Drive goes to the rear axle via an eight-speed Hyundai Transys automatic gearbox. This replaces a seven-speed one supplied by Mercedes-Benz. When conditions become slippier, drive to the front can be engaged via a dial on the centre console.

Outselling Jeep

The brand is still a small one here yet it’s doing way better than might be imagined, all things considered. Volume is up slightly on the same period of 2020, deliveries numbering 1,432 for the year to the end of November (1,423 for 1 Jan-30 Nov 2020).

Some in the company have informally called SsangYong the ‘Korean Jeep’ and last month, an odd thing happened, which was that this brand outsold the Stellantis one. It was a close thing but nonetheless SsangYong (156) did indeed perform better than Jeep (155).
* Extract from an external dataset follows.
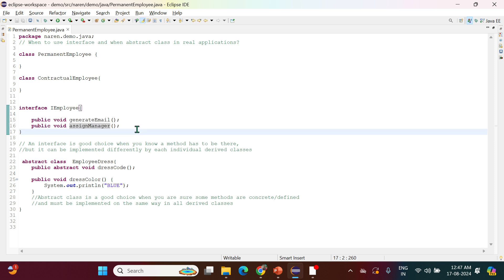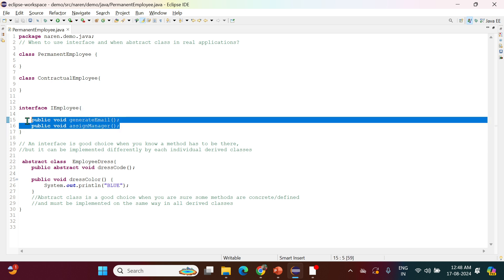Whether it is permanent or contractual, each employee has to implement these two methods — provide the body. In this scenario, we will go for an interface. Interface is a good choice whenever a method is there and we don't know the implementation, and it can be implemented differently for different classes. Here we have 100% abstraction — we don't know either method's implementation.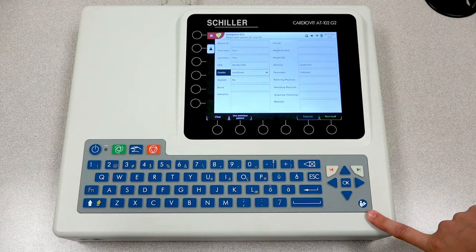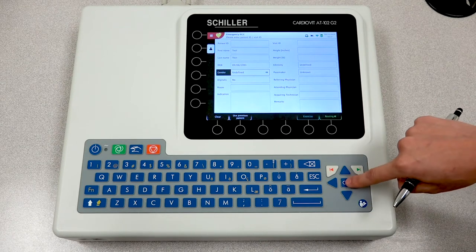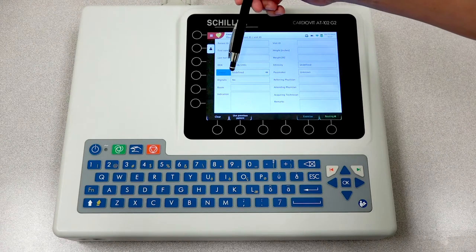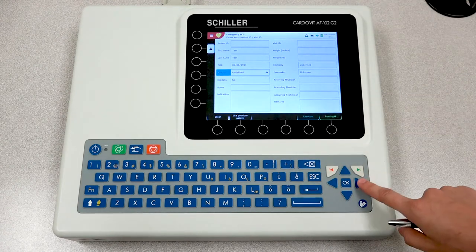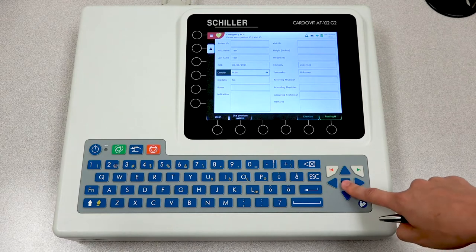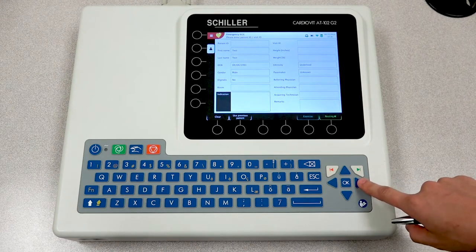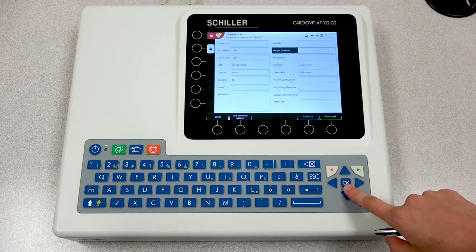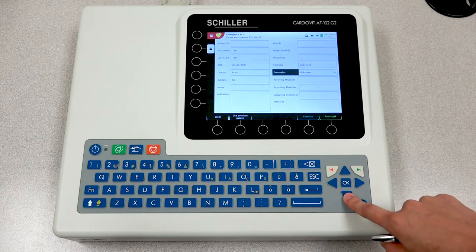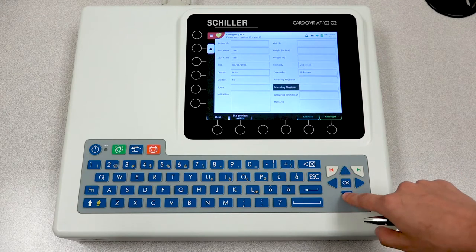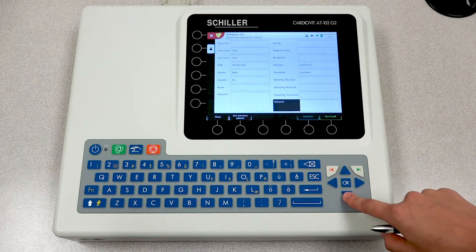Your next field is your gender field. You must press OK in order to highlight the field in blue, allowing you to make a selection. You can move forward by entering the rest of the patient information such as the height, weight, ethnicity, whether or not there is a pacemaker, referring physician, and so forth.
Supply issues are a major factor in the recent reversal of brand rankings but the Korean marque’s achievement will have given the importer a thrill. Also, there probably will have been people who bought a Rexton or other available SsangYong not having considered the brand previously.

What next for the Rexton?

It’s too soon to know precisely what the future holds for this model but even if SsangYong gains a new owner soon, what would logically be the existing plan should remain. That will presumably be a second facelift in 2023, and then a replacement in 2026, giving this generation a nine-year life cycle.

Where once SsangYongs majored on quirkiness and were often bought for the value they offered, increasingly, the brand’s vehicles have gained a rising reputation for being tough, high quality choices. Now, a Rexton is luxurious too and more refined. The icing on the cake is a seven-year/150,000 miles warranty, which is close to the best of any in the British market.